Yeah, that is probably doable. I plan to publish my methodology once I figure it out, and it should apply regardless of the language, though it will be simple.
- Is the comment unique? Ie, does it appear multiple times? + Score if unique, - score if it is not unique, and the less unique it is (ie, the more frequently it occurs, the more negative it gets)
- Is it longer than the average comment on the chain? (and a modifier for good the longer it is)
- How many "tokens" does it have - basically, how many words? You can have a reaaaaalllly long comment (as the length of the comment is counted in characters) but it might have markdown formatting, lots of links, or html in it that extends its length beyond the meaningful comment
- I'm not sure if it will be possible to do analysis row by row, but there is the Readability Tests (Flesch Kincaid) which is something built into Word and other writing tools to make stuff easy to understand: https://en.wikipedia.org/wiki/Flesch%E2%80%93Kincaid_readability_tests
- If it isn't easy to understand, or written at a very high level, it might be seen to have good academic qualities.

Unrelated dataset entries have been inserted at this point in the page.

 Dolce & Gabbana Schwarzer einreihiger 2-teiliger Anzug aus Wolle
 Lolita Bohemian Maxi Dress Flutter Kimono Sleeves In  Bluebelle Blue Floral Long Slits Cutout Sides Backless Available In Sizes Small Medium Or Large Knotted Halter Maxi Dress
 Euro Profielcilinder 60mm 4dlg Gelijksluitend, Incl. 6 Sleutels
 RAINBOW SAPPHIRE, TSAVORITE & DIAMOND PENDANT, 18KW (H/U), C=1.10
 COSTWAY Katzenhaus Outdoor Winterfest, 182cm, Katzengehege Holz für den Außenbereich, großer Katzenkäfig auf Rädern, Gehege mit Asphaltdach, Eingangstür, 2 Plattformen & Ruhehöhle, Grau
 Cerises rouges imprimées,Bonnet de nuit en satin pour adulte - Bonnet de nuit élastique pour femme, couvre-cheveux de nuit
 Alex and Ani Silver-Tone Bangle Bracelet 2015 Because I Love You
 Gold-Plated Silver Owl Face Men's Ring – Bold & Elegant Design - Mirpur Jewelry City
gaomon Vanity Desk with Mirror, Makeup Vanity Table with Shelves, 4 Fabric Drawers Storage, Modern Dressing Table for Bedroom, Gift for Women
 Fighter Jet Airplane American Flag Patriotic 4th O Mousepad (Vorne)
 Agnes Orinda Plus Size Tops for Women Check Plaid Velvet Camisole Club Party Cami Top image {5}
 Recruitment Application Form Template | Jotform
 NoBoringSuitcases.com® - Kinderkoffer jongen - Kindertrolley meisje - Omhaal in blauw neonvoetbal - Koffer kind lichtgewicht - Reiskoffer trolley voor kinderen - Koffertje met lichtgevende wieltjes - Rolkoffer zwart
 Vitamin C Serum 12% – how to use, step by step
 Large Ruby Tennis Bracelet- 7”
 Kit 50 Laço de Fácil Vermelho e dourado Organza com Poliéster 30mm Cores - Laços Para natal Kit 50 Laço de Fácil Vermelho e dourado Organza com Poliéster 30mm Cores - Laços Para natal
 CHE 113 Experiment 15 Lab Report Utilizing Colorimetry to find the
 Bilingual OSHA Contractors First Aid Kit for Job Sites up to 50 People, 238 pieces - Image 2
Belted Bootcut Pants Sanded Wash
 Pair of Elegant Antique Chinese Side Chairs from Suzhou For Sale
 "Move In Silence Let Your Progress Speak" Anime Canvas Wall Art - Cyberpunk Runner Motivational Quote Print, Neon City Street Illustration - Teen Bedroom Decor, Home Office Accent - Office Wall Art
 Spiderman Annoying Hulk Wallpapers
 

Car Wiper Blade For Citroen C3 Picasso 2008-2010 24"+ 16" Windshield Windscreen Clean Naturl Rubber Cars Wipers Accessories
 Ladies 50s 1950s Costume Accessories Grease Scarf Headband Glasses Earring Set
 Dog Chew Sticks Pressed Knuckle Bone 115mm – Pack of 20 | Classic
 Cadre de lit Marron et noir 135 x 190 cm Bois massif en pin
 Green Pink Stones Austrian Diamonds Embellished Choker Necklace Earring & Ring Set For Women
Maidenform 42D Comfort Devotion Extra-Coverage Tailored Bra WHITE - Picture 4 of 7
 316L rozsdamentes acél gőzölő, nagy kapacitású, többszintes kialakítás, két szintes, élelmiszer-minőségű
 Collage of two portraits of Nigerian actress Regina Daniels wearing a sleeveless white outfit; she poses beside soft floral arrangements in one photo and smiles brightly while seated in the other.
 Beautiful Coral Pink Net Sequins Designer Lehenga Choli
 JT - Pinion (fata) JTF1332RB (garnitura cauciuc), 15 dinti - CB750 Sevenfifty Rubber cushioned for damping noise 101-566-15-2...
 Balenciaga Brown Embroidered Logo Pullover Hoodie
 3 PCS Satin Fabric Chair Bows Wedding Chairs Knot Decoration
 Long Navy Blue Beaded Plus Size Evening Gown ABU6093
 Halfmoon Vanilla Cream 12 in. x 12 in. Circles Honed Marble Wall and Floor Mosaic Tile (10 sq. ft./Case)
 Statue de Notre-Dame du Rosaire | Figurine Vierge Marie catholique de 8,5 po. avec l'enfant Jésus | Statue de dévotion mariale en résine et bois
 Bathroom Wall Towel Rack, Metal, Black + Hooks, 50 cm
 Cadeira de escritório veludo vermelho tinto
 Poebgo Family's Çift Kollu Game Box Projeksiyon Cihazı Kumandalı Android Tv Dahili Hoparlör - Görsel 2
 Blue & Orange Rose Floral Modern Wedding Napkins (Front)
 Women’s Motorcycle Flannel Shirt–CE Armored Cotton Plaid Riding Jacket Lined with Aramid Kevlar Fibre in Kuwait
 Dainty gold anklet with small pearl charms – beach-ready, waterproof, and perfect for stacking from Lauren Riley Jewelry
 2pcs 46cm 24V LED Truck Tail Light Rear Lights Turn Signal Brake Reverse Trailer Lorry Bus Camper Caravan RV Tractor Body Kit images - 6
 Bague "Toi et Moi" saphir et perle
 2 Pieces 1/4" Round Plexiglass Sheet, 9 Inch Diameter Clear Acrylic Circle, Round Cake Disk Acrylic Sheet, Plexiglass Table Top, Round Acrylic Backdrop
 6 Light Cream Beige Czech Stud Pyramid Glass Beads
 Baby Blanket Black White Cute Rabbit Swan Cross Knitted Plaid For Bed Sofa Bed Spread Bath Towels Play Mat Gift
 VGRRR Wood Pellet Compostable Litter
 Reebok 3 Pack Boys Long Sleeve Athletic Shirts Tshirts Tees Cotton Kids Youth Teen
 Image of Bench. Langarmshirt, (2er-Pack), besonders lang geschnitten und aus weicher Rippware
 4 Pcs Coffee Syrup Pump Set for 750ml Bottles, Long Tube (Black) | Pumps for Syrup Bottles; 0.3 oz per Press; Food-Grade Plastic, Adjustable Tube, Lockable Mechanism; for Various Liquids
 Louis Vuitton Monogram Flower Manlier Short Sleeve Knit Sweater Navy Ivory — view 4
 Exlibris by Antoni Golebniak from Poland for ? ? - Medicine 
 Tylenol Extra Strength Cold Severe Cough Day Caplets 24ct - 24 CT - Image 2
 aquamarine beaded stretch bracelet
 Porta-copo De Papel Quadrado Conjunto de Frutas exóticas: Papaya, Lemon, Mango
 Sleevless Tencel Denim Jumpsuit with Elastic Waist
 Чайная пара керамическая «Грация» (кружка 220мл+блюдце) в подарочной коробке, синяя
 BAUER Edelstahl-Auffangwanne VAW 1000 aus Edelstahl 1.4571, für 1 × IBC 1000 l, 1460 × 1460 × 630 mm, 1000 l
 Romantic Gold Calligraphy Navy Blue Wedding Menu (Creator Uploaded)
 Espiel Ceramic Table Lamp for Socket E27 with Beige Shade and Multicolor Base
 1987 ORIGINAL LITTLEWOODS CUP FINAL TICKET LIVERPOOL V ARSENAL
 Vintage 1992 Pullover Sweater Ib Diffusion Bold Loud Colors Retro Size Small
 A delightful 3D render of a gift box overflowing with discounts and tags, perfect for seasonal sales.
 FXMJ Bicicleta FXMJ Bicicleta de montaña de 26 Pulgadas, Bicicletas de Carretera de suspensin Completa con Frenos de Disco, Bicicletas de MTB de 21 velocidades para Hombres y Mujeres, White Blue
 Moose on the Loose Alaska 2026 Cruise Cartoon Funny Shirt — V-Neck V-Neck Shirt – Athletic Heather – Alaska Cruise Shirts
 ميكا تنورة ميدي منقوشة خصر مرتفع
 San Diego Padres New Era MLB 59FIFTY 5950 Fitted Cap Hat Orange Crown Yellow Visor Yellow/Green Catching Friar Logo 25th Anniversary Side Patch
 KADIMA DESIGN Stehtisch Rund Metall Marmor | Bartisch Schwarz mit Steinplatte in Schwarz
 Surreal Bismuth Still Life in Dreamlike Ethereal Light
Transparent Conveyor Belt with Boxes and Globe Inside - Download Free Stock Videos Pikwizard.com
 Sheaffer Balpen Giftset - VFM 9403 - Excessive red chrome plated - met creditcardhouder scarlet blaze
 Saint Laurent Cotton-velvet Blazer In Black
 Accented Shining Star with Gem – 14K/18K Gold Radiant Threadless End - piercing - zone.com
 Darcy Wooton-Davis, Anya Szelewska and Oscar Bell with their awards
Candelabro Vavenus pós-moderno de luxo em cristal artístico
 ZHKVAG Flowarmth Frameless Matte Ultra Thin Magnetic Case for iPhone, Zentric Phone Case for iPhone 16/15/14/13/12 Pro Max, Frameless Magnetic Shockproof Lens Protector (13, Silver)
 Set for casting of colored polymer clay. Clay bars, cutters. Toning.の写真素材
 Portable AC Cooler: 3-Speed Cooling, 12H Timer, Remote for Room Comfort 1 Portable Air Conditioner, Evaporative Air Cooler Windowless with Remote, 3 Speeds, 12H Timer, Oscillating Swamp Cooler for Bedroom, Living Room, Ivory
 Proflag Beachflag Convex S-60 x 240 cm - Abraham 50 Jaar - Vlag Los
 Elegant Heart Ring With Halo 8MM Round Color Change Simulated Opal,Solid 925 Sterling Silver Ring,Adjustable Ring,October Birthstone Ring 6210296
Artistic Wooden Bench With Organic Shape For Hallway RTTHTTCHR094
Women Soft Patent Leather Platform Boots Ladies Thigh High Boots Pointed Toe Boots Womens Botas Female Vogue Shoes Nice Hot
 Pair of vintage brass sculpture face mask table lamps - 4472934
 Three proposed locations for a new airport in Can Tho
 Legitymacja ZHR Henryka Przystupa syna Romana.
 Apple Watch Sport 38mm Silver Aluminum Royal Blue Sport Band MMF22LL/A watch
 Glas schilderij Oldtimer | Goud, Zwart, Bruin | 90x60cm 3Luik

There's a whole bunch of other things you can with natural language processing and data to extract insights. I am really looking forward to who swears most on the blockchain :P
Or maybe, we could find out what the most frequently mentioned colour is? blue, red, green, yellow, orange, purple, brown, or something else? :D
As an appendix to this comment, Microsoft Word tells me my grade level for this comment is...
I like to try and keep things mostly simple on HIVE, as not everyone has English as a first language.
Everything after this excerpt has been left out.